The Case for POU In Municipal Compliance
Homeowners commonly use POU technologies to reduce hardness, remove heavy metals and improve taste and odor of their drinking water. However, public or private utility use of a point-of-use/point-of-entry(POU/POE) solution to meet an enforceable drinking water standard is a fairly new approach. In 1996, the Safe Drinking Water Amendments allowed utilities to consider the use of POU/POE technology to meet compliance with various enforceable standards. Now, the EPA is required to consider POU/POE devices as potentially affordable means of achieving compliance, particularly for small municipal systems.
The EPA has investigated cost, performance and management issues associated with POU/POE in compliance situations. In 30 case studies, the agency found that POU/POE can offer an affordable and executable option to meet drinking water standards and that consumers accept in-home access required to ensure that systems are properly installed, maintained and monitored for performance. The EPA previously estimated 4 to 5 percent of small water systems (less than 500 customers) would use POU for compliance. Now, with new evidence from the National Drinking Water Advisory Committee’s Arsenic Cost Work Group, the percentage is significantly higher.
It is difficult to determine a precise cost estimate for compliance with the new arsenic standard because each of the 4,100 affected systems has unique circumstances and water profiles.

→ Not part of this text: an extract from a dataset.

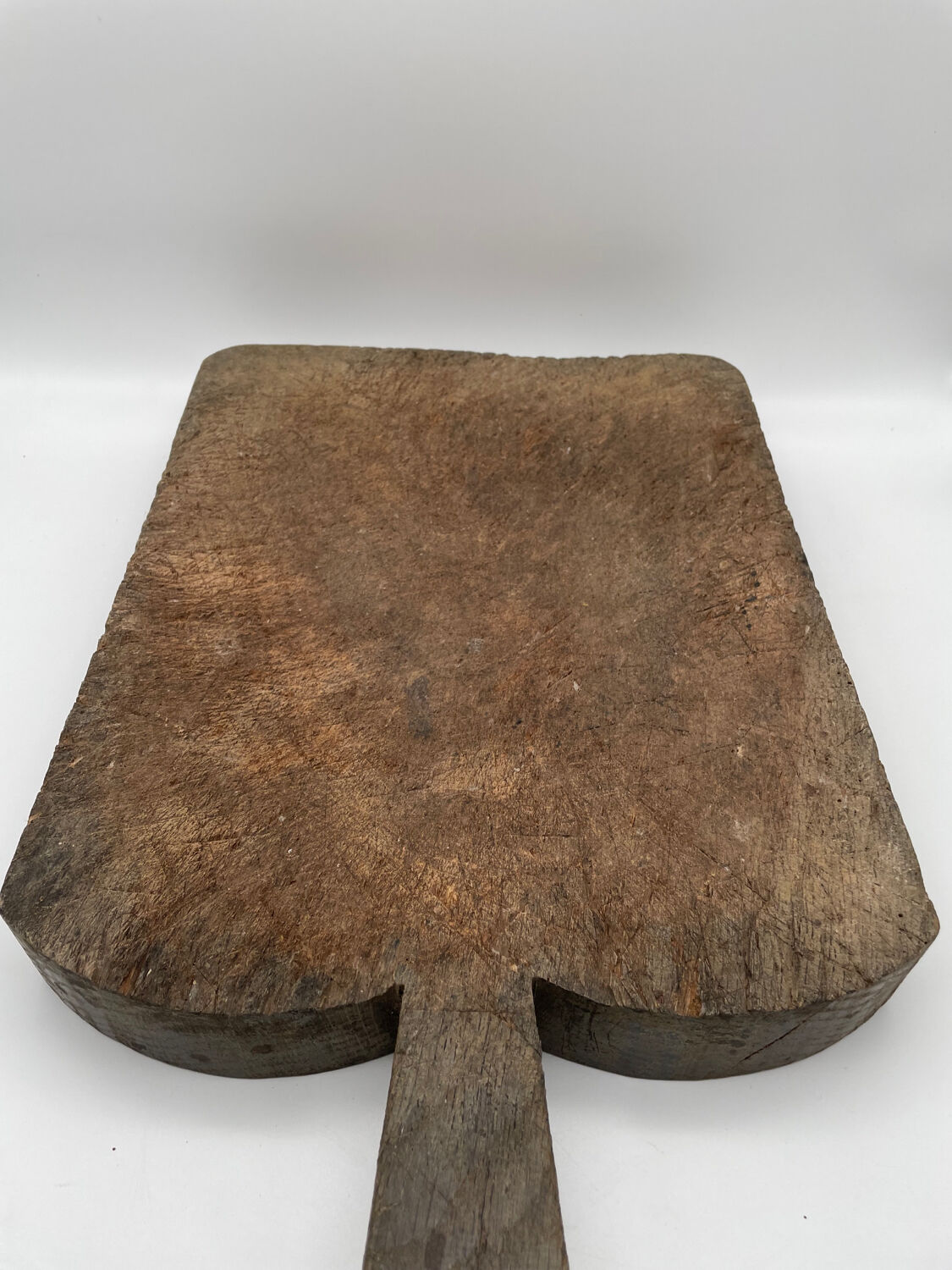 Ancienne planche billot à découper en bois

The NDWAC’s report concluded that the EPA’s original annual cost estimate of $195 million, which focuses primarily on central treatment, is most likely accurate. However, other studies, such as one conducted by the American Water Works Association Research Foundation (AWWARF), claim that the national cost will be much higher—in the $400 million-per-year range.
Both groups are in agreement that centralized treatment for small and very small systems is more costly per capita and could be two to five times the monthly cost compared to larger systems. POU may enable a lower cost option for many small municipalities. At $.10 to $.20 per gallon, POU treated water is more than 50 percent less costly than bottled water, which ranges from $.75 to $2.00 per gallon. Initial capital costs including installation of an adsorption-based POU system in a single home can range between $150 and $200. Annual costs thereafter are reduced to the cost of replacement cartridges, from $60 to $150.
Of course, there are a number of other compelling reasons small municipalities should consider POU-based treatment options such as proven performance, simplicity of operation and reliability. Although implementing POU technology community-wide is a relatively new approach to meet compliance, small municipalities owe it to their citizens, who will bear the cost, to investigate all options.